Le montant total réclamé pour ces deux contraventions s’élève à 126,84 euros. Selon les informations communiquées par le service compétent, un troisième procès-verbal serait en cours de préparation.
Deux infractions relevées à distance de quelques jours
La première infraction a été enregistrée le 18 décembre à Farciennes, dans la province du Hainaut. Le véhicule concerné a été flashé à 80 km/h sur une route limitée à 70 km/h. Après correction, la vitesse retenue était de 74 km/h, donnant lieu à une amende de 63,42 euros.
La seconde infraction date du 29 décembre à Bruxelles. Cette fois, la voiture circulait à 58 km/h dans une zone limitée à 50 km/h. La vitesse corrigée a été fixée à 52 km/h, pour un montant identique de 63,42 euros.
Une situation jugée incompréhensible par la famille
Fernanda Vandewalle affirme ne pas être en mesure d’expliquer ces faits et refuse de payer les amendes, qu’elle considère comme injustifiées et financièrement lourdes. Elle rappelle qu’en plus de 70 ans de conduite, elle n’avait jamais reçu la moindre contravention. Elle ironise également sur le fait qu’à son âge, il lui serait difficile de parcourir de telles distances.
Le véhicule concerné, une Mitsubishi Colt, se trouve actuellement chez sa fille à Bissegem. La voiture n’est plus utilisée et la famille envisage de la revendre. La plaque d’immatriculation n’a pas été déclarée volée, ce qui rend l’affaire d’autant plus difficile à comprendre pour les proches.
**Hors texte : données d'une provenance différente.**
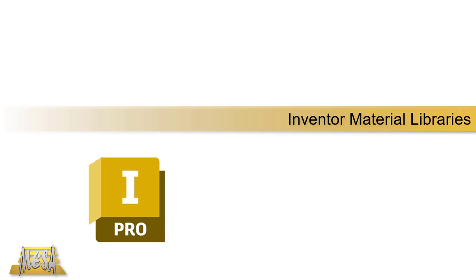Hello, I'm Steve Olson, the Manager of Training Services for MESA. In this video, I'd like to talk a little bit about the Inventor Material Libraries.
Une procédure de contestation jugée complexe
La famille dénonce la complexité des démarches nécessaires pour contester les amendes. La procédure numérique impose l’utilisation de l’application Itsme ou des codes PIN et PUK de la carte d’identité électronique, des outils que Fernanda Vandewalle ne possède pas.
La seule alternative proposée a été l’envoi d’un courrier recommandé, une démarche qui leur a coûté près de 10 euros supplémentaires.
Une enquête interne ouverte par l’administration
Le service des contraventions a indiqué avoir ouvert une enquête interne afin de faire la lumière sur ce dossier. En attendant les résultats, il a conseillé à Fernanda Vandewalle de ne pas régler les amendes, le paiement étant assimilé à une reconnaissance de culpabilité.
La famille dit désormais attendre des explications claires et une solution de la part des autorités compétentes pour résoudre ce cas qu’elle qualifie d’inhabituel.